<プレスリリース>

8月14日、米国・モンタナ州:16人の若者気候訴訟で米国初の勝訴判決-
モンタナ州の石炭政策は子どもたちの憲法上の権利を侵害!

2023年8月17日
特定非営利活動法人気候ネットワーク
代表 浅岡美恵

2023年6月12日から20日にかけて、米国の弁護士らによるNGO “Our Children‘s Trust”(OCT)が支援するモンタナ州の16人の若者たちが2020年に提起した気候訴訟につき、米国気候訴訟初のトライアル(公開審理)が行われました。その一部始終がオンラインで配信され、世界を驚かせました。世界各地で猛暑や洪水被害が続き、ハワイ・マウイ島では大惨事が続いているなか、モンタナ州都のヘレナ地方裁判所キャシー・シーリー裁判官は、結審から2ケ月も経たない8月14日、103頁の判決を発出しました。原告らの主張を全面的に認めた判決のニュースは14日のうちに、再び世界を駆け巡りました。

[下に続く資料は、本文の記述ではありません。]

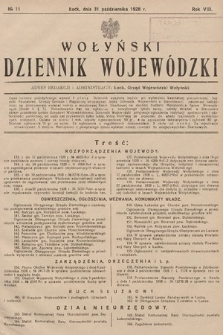 Wołyński Dziennik Wojewódzki. 1928, nr 11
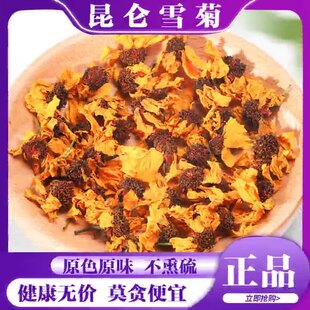 头茬昆仑雪菊新疆特产天山高寒雪菊花罐装50g雪菊茶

8月2日に気候ネットワークとOCTの協力で開催したウェビナー(後日、録画をホームページに掲載予定)では、本訴訟の提起に至る経緯、トライアルでの子どもたち自身が語った気候変動の影響、さらに、先見性に富んだモンタナ州憲法が1972年に設立されていたにもかかわらず、モンタナ州議会は2011年に気候変動政策法(MEPA)を改正し、州政府も気候変動の深刻な影響を認識しながら、石炭などの化石燃料の生産を拡大し、石炭火力を稼働させ続け、気候変動を悪化させたこと、モンタナ州は太陽光や風力など再生可能エネルギー資源に恵まれていることなどが、OCTの弁護士たちから報告されましたが、今回の判決ではこれらの事実が全面的に認められたのです。

歴史的なシーリー判決

第1に、判決は、モンタナ州からの排出量は若者原告らへの気候変動の危害と被害を引き起こす重大な要因であると認定し、16人の原告らの原告適格を認めました。原告らは気候変動によって、その生命や健康など身体的被害はもとより、精神的な健康、家や財産、レクリエーション、美的利益、部族や文化的伝統、経済的安全や幸福など、広範にわたる被害を受けていると認め、若者原告らにもたらしている喪失感や絶望、不安などの感情を、認識可能な精神的な被害ととらえた点でも注目されます。原告らが、その居住地域や暮らしの多様性、そこで育んできた日々の生活を子どもたちの感性で語ったそれぞれの物語は気候変動の被害の重大さを納得するに足るものでした。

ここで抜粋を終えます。